Wednesday, January 26, 2011

music, soul, emotion

Tuesdays are long days, getting up at 4-ish to get down to the station, working, and then usually coming home to crash early, but I'd heard from a reliable source about some good medieval-ish music on Case's campus last night, and drove out that way to pick up some printing ink and crazy expensive yet beautifully luminous paint at the art supply store, met up with a friend for dinner at the usual place, and walked over to the beautiful chapel over there to sit in the darkness and listen to 12th century French choral music.

I almost fell asleep at certain points because soothing voices in a dark church are good for that kind of thing, but it was beautiful and interesting and it's intriguing to realize that our ancestors 800 years ago were just as snarky as we are and that political and clerical corruption are nothing new and that satirizing religious culture is probably almost as old as religion itself.

While I play several instruments a little better than decently, I'm still no good at attempting to write songs, and admire those who can put something together that's amazing.

I'm on a rotation of people who are in charge of doing music at church, and in all honesty I don't listen to much in the way of modern Christian music. I honestly just don't have the patience for it, as either the style is so strictly codified in its own way or it's trying to hard to sound like one of its usually superior secular counterparts. And half the time, it's just too damn perky and I'm not really a perky music person. I always assume there's some kind of dark secret hiding underneath that perfect smile.

When I read the translations of the writings of Hildegard of Bingen, when I listen to Bach or Arvo Part, there's a reverence, depth and a beauty there both lyrically and musically, with such detail paid to the composition of both, that is so far removed from that of my culture, where being happy and positive is often more important than dealing with real love and truth lived out.



When I listen to old gospel recordings by Blind Willie Johnson, or read the words of old spirituals in a hymnal one of my friends picked up for me at a place in East Cleveland that sells both gospel music and insecticide, there's a realism that says not everything in life is easy and fun but God is good and there's something more than what we see in front of us.

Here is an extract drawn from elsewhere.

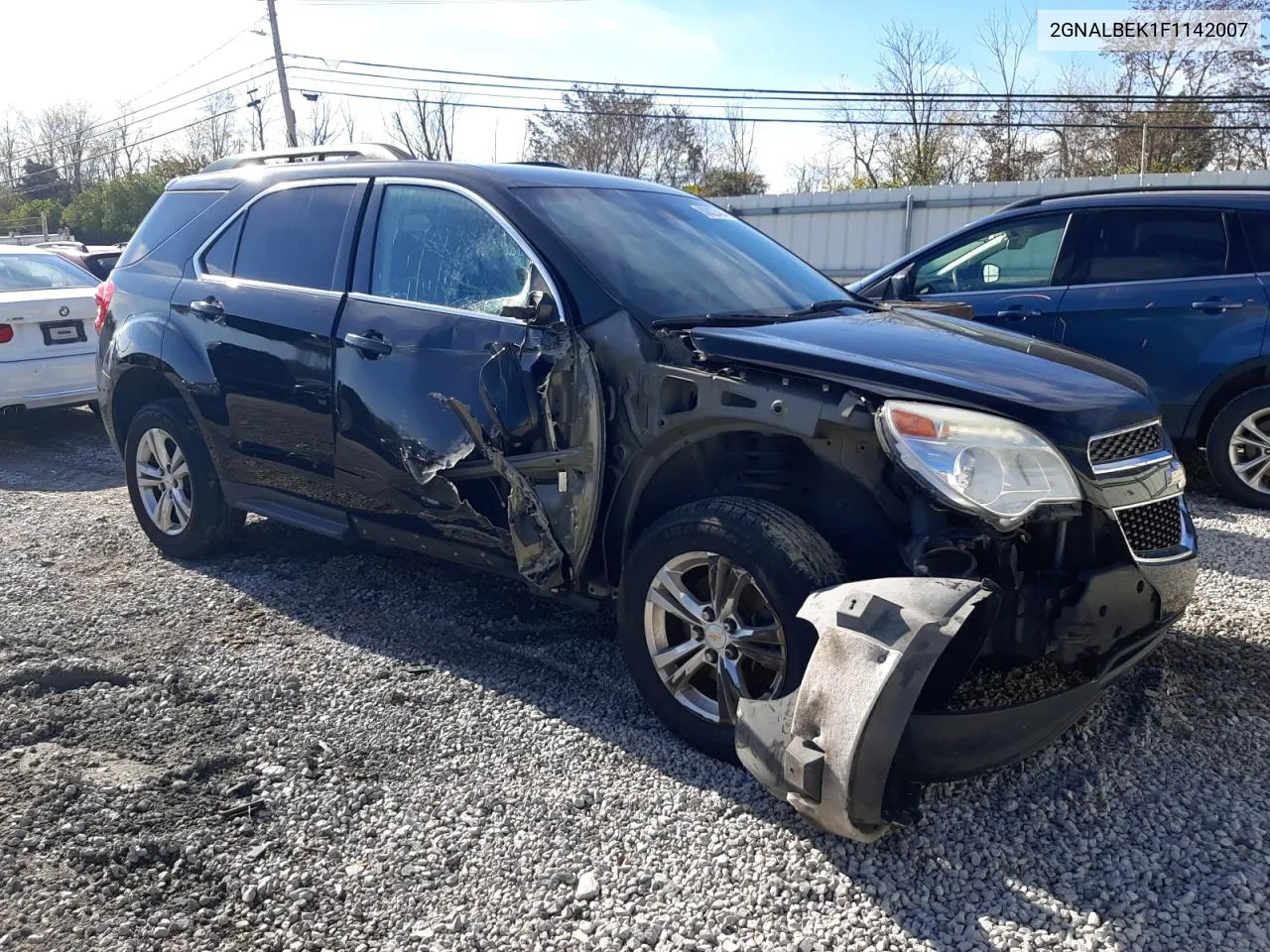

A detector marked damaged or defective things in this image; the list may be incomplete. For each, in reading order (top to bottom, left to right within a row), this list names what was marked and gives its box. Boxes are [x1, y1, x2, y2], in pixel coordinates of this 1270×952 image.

crumpled door panel [734, 579, 1000, 841]
detached front bumper [738, 551, 1199, 841]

In Pakistan, believers have taken the entire book of Psalms (which is gorgeous writing in its own right) and sing them in traditional forms like qawwali, a style with Sufi roots made famous here in the west by Nusrat Fateh Ali Khan.



Having been a lifelong literature geek, I love words that are strung together beautifully, and I can't bring myself to sing things that don't mean much or are repeated mindlessly. I know not everyone can write like Julian of Norwich, T.S. Eliot, or Gerard Manley Hopkins or necessarily have the skills to compose something amazing. I know I can't like I'd like to. Having played music in one form or another for about half my life, I love the way it moves me, but I also know that it's manipulative.

While I never liked mumbling through the songs at Mass when I was still Catholic, I was just as squeamish in more charismatic congregations that some of my friends went to where the same song would go on for fifteen minutes and I'd look up and people would be passed out on the floor or just kind of dancing around and would start praying for me because obviously I wasn't letting the Holy Spirit move me like I should.

I try to take the whole loving God with one's heart, soul, mind, and strength, and when I feel like it's suggested that I check my mind in at the door and just let the emotion carry me along, I don't see where that's a good place to be, because how truthful are emotions half the time? Just because I feel something, doesn't always mean it's the truth.